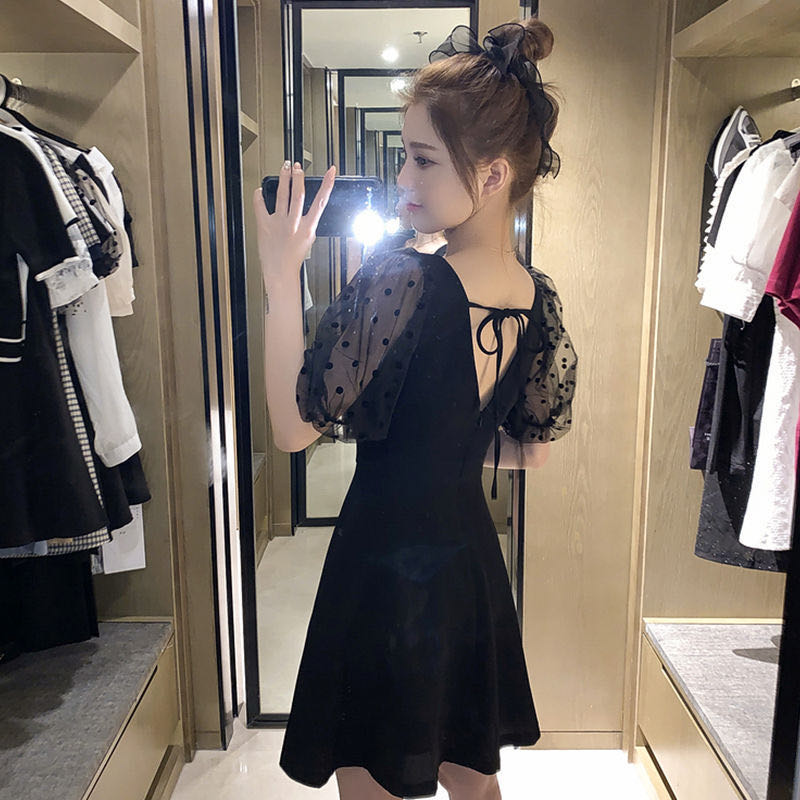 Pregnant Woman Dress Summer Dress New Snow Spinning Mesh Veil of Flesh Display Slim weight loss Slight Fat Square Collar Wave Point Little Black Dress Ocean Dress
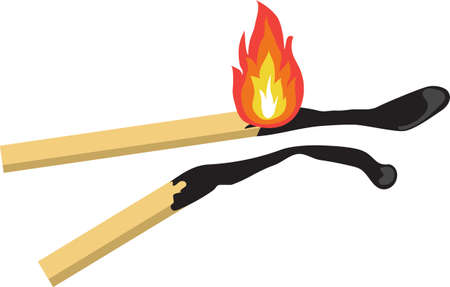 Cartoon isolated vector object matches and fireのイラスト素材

* * *

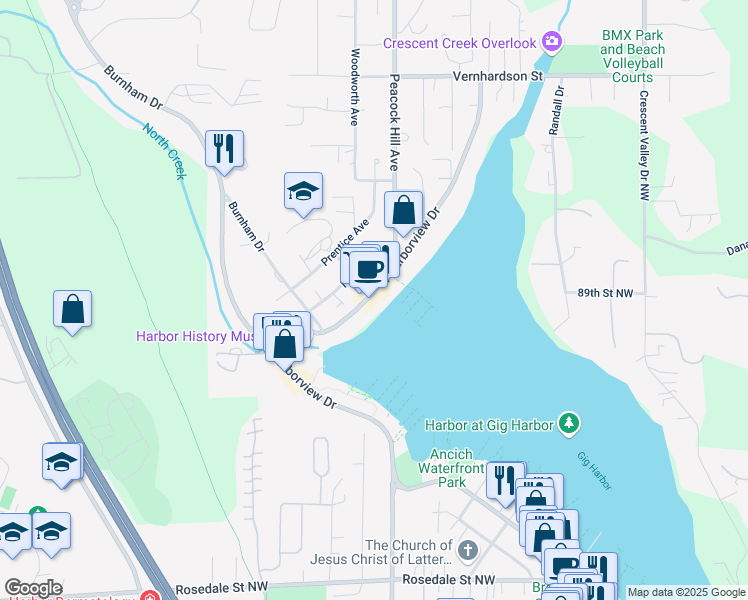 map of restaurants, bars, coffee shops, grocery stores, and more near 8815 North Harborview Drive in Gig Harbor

* [WHAT IS NEEDED]:
Transcribe exactly the lines above, beginning at the one with "Pregnant Woman Dress" and going up to and including the one with "Cartoon isolated vector". Pictures do not belong in the copy.

* [RESPONSE TO THE EXERCISE]:
 Pregnant Woman Dress Summer Dress New Snow Spinning Mesh Veil of Flesh Display Slim weight loss Slight Fat Square Collar Wave Point Little Black Dress Ocean Dress
 Cartoon isolated vector object matches and fireのイラスト素材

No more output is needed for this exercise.